Из сумки на стол перекочевала вторая банка, побольше, объемом в кварту.
Джулия повернулась, чтобы посмотреть на нее, и увиденное поразило ее до такой степени, что она выронила камень, который держала в руке. В этой банке сидело насекомое размером чуть ли не с ее кисть. И хотя спинной хитиновый покров был у него, как у жука, черный, словно полночь, с кроваво-красными отметинами по периметру, существо под этим панцирем больше напоминало паука. Прежде всего восемью крепкими волосатыми лапками, как у тарантула.
— Оно живое? — спросила Джулия.
— Уже нет, — ответил Френк.
Еще две лапки, похожие на миниатюрные клешни лобстера, высовывались из-под панциря впереди, с обеих сторон головы. И клешни эти были куда более сложными, чем у любого ракообразного. Скорее они походили на кисти, с четырьмя костяными сегментами, суставами, соединенными с клешней, и с зазубренной кромкой.
— Если эта тварь ухватит за палец, — заметил Бобби, — то просто откусит его. Так вы говорите, оно было живым, Френк?
— Когда я проснулся этим утром, оно ползло по моей груди.
— Господи Иисусе! — Бобби заметно побледнел.
— Еле ползло.
— Да? А судя по виду, оно такое же шустрое, как какой-нибудь гребаный таракан.
— Думаю, оно уже умирало, — ответил Френк. — Я, конечно, закричал, смахнул его с груди. Оно упало на пол, на панцирь, несколько секунд дергало лапками, потом застыло. Я снял наволочку с одной из подушек, завел край под панцирь, дернул на себя, чтобы это чудовище оказалось на материи, поднял, завязал наволочку узлом, чтобы оно не уползло, если вдруг придет в себя. Потом обнаружил в карманах эти драгоценные камни, поэтому купил две стеклянные банки, одну для камней, вторую для насекомого, оно ни разу не шевельнулось, вот я и решил, что оно мертво. Вы когда-нибудь видели что-нибудь подобное?
— Нет, — ответила Джулия.
— Слава богу, нет, — согласился Бобби. Он не наклонился вперед, как Джулия, чтобы получше рассмотреть насекомое, наоборот, отступил на шаг от стола, словно боялся, что этот паук-жук сможет каким-то образом выбраться из банки.
Джулия подняла банку со стола, повернула так, чтобы получше рассмотреть насекомое спереди. Его гладкая черная голова размером не намного уступала сливе и наполовину пряталась под панцирем. Большие, фасеточные, грязно-желтые глаза располагались высоко, и под каждым находился еще один глаз, меньших размеров, синевато¬красный. На гладкой поверхности виднелись крохотные отверстия, с полдюжины коротких отростков и три островка вроде бы шелковистых волосков. Маленький ротик, теперь открытый, являл собой круглое отверстие, и в нем Джулия различила кольца миниатюрных, но острых зубов.
Френк заговорил, глядя на дохлого обитателя стеклянной банки.

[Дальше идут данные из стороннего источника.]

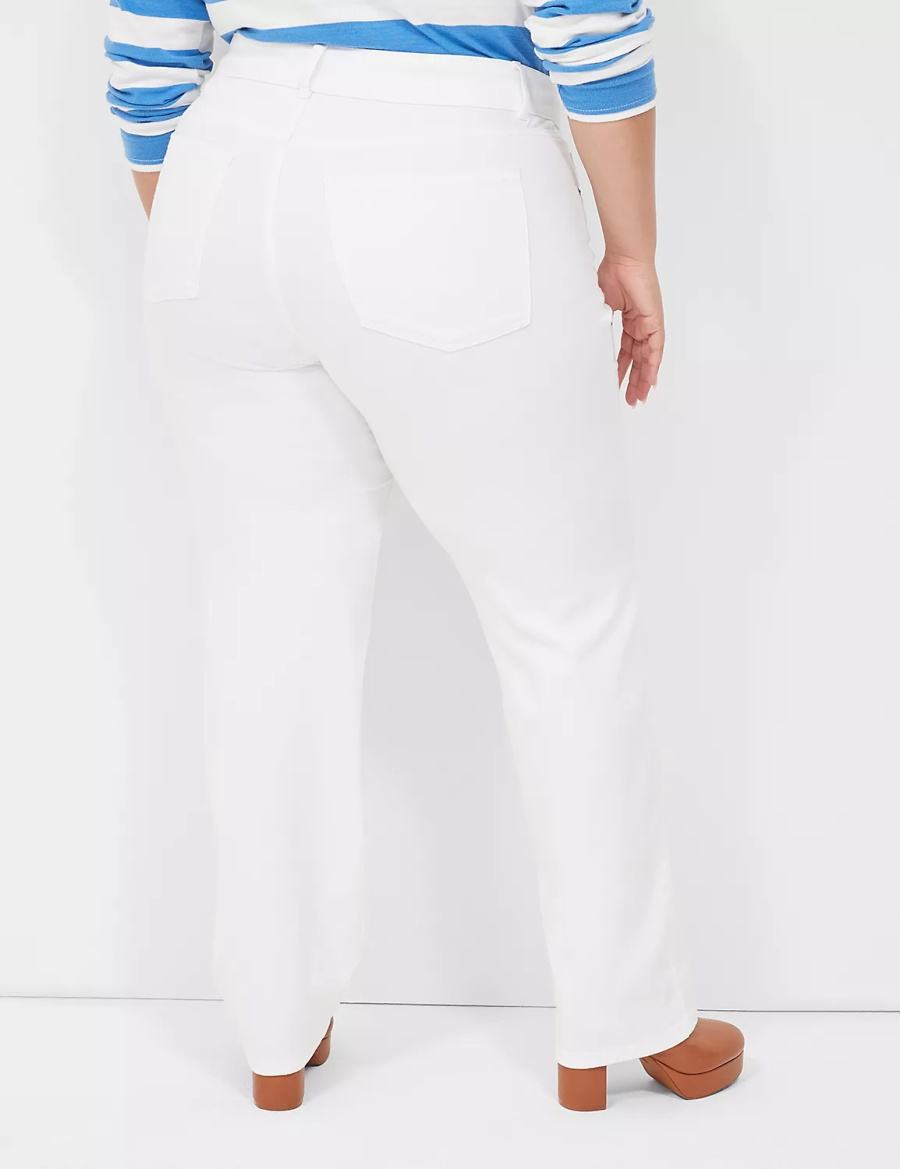 Τζιν γυναικεια Lane Bryant Tighter Tummy Fit High-Rise Straight ασπρα | QKB6958OP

— Уж не знаю, во что я впутался, но определенно во что-то плохое. Действительно плохое, и я боюсь.
Бобби дернулся. Задумчиво, словно обращаясь к самому себе, а не к остальным, произнес: «Плохое… плохой…»
Джулия поставила банку на стол.
— Френк, мы возьмемся за это дело.
— Хорошо! — Клинт выключил магнитофон.
Отвернувшись от стола, направляясь к туалету, Бобби сказал:
— Джулия, мне нужно поговорить с тобой наедине.
В третий раз они зашли в туалет вдвоем, закрыли за собой дверь, включили вентилятор.
Лицо Бобби посерело, напоминало точный портрет, сделанный карандашом, даже веснушки утратили цвет. И в его всегда веселых глазах веселья не осталось.
— Ты сошла с ума? Ты сказала ему, что мы беремся за это дело.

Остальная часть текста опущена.